Detecting Inconsistencies in Software Architecture Documentation Using Traceability Link Recovery

by Jan Keim, Sophie Corallo, Dominik Fuchß, and Anne Koziolek

Published at the 20th IEEE International Conference on Software Architecture (ICSA 2023), March 13-17 2023.

Additional presentation at the Software Engineering 2024 (SE24), the symposium of the German Computer Science Societiy (Gesellschaft für Informatik (GI)) together with the Austrian Computer Society.

Approach Overview


Documenting software architecture is important for a system’s success. Software architecture documentation (SAD) makes information about the system available and eases comprehensibility. There are different forms of SADs like natural language texts and formal models with different benefits and different purposes. However, there can be inconsistent information in different SADs for the same system. Inconsistent documentation then can cause flaws in development and maintenance. To tackle this, we present an approach for inconsistency detection in natural language SAD and formal architecture models. We make use of traceability link recovery (TLR) and extend an existing approach.
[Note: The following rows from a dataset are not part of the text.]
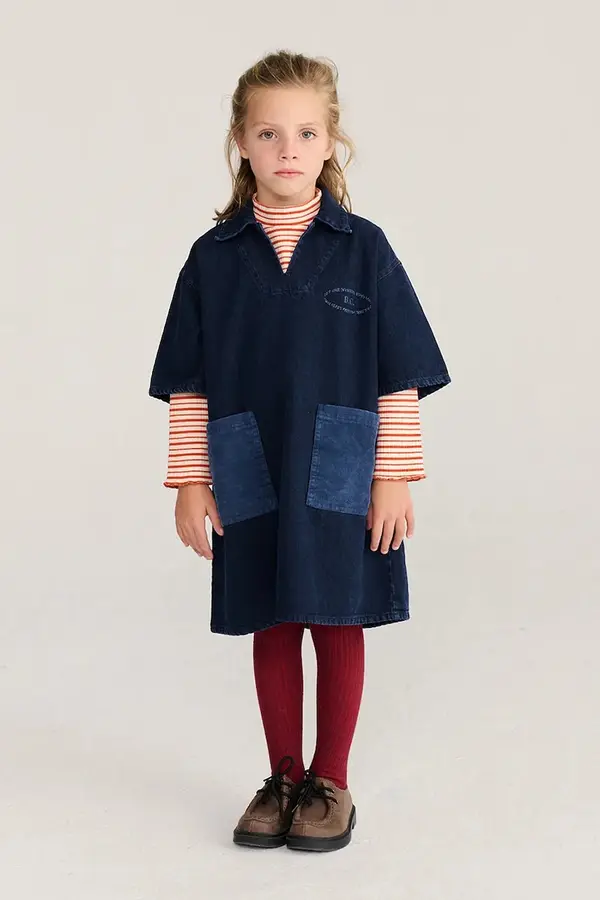 Bobo Choses Bobo Choses haljina oversize od pamuka Mystery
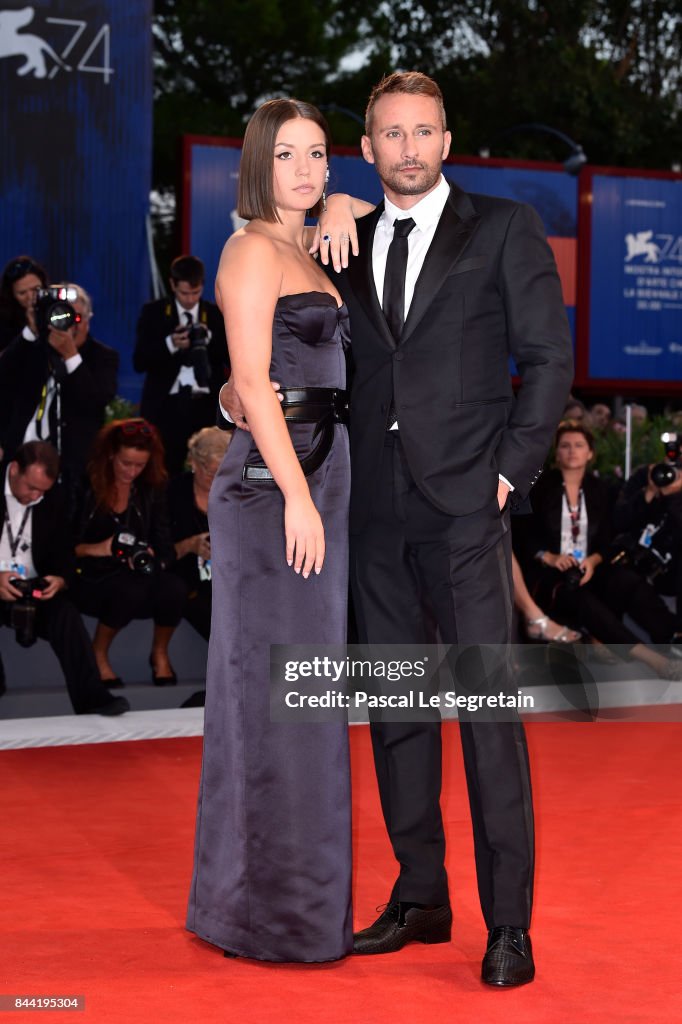 Racer And The Jailbird (Le Fidele) Premiere - 74th Venice Film Festival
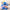 MINISO Stitch sitting plush doll with colorful jester hat held in hands for product shooting
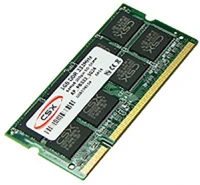 Csx CSXD2SO800-2R8-4GB Memória notebook -  4gb ddr2 (800mhz, 256x8) kép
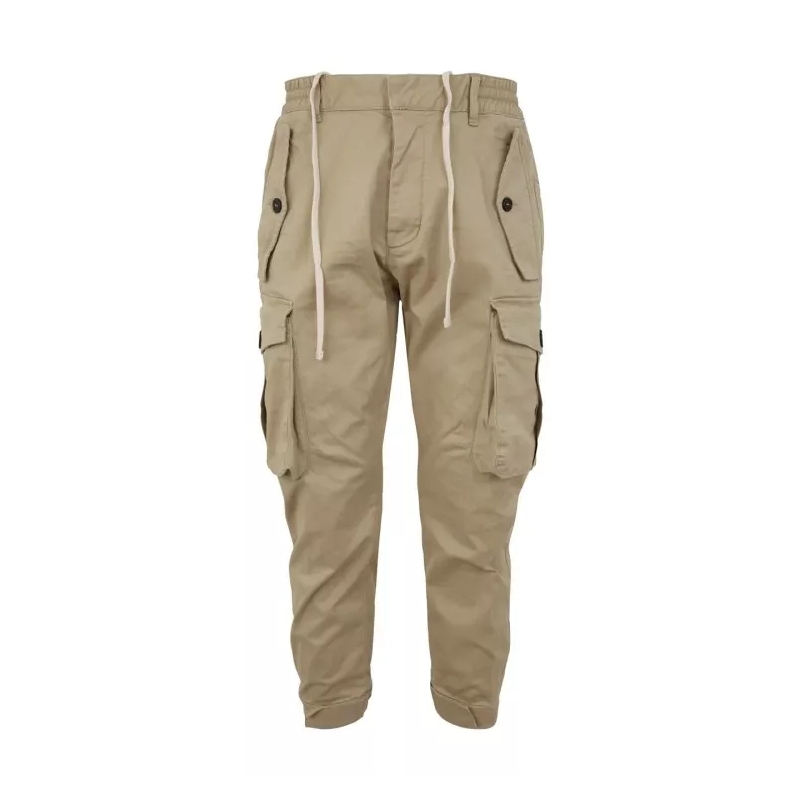 Dsquared2 Cargo Broek Pink Hue Cargo Trousers Pink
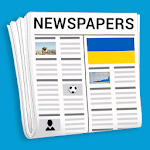 Cover Image of Tải xuống Ukraine Newspapers - новости украины 7.6.6 APK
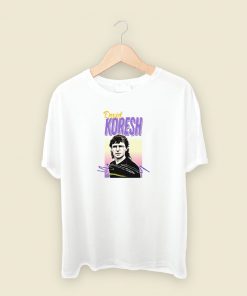 David Koresh 90s Vintage Style T Shirt Style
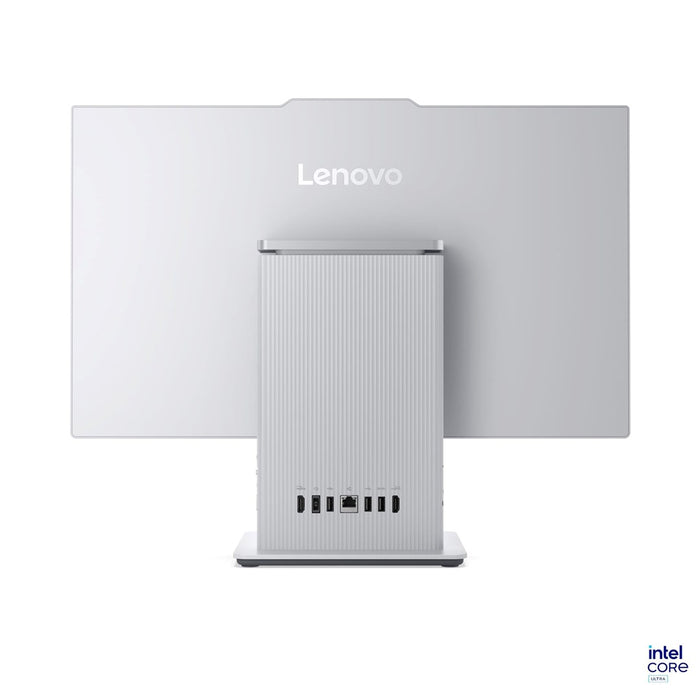 Lenovo IdeaCentre AIO 24ILL11 Ultra 5 226V 23.8" FHD IPS 250 нита 100 Hz AG 16 GB LPDDR5X-8533 1 TB SSD Intel Arc Graphics 130V 5.0 MP уеб камера Windows 11 Cloud Grey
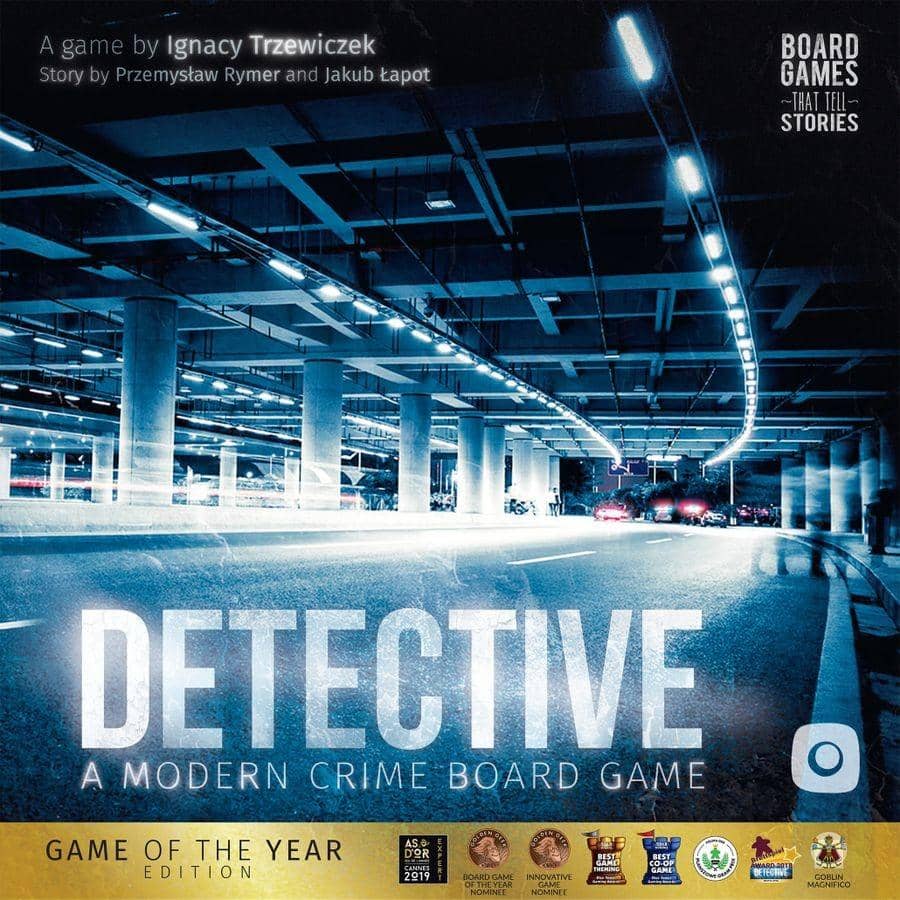 Detective: A Modern Crime Board Game - Portal Games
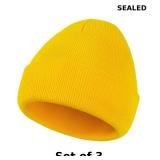 3x American Trends Beanie Hat for Men Women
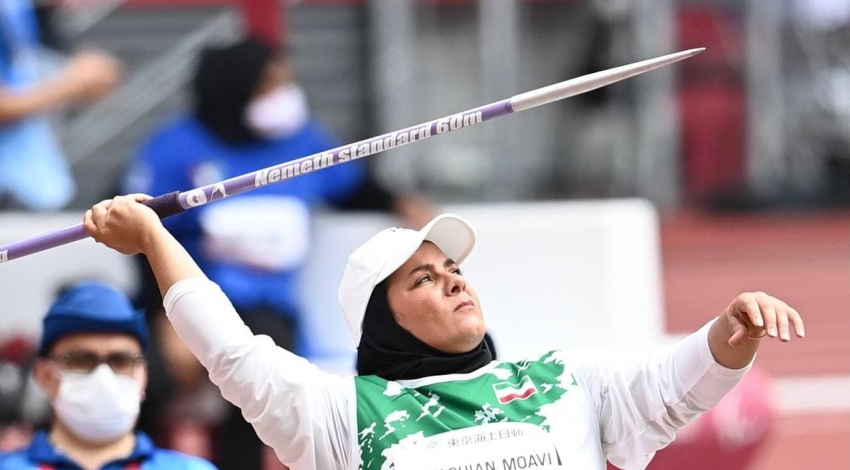 Irans Mottaghian bags javelin gold medal with new world record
We utilize the results from TLR to detect unmentioned (i.e., model elements without natural language documentation) and missing model elements (i.e., described but not modeled elements). In our evaluation, we measure how the adaptations on TLR affected its performance. Moreover, we evaluate the inconsistency detection. We use a benchmark with multiple open source projects and compare the results with existing and baseline approaches. For TLR, we achieve an excellent F1-score of 0.81, significantly outperforming the other approaches by at least 0.24. Our approach also achieves excellent results (accuracy: 0.93) for detecting unmentioned model elements and good results for detecting missing model elements (accuracy: 0.75). These results also significantly outperform competing baselines. Although we see room for improvements, the results show that detecting inconsistencies using TLR is promising.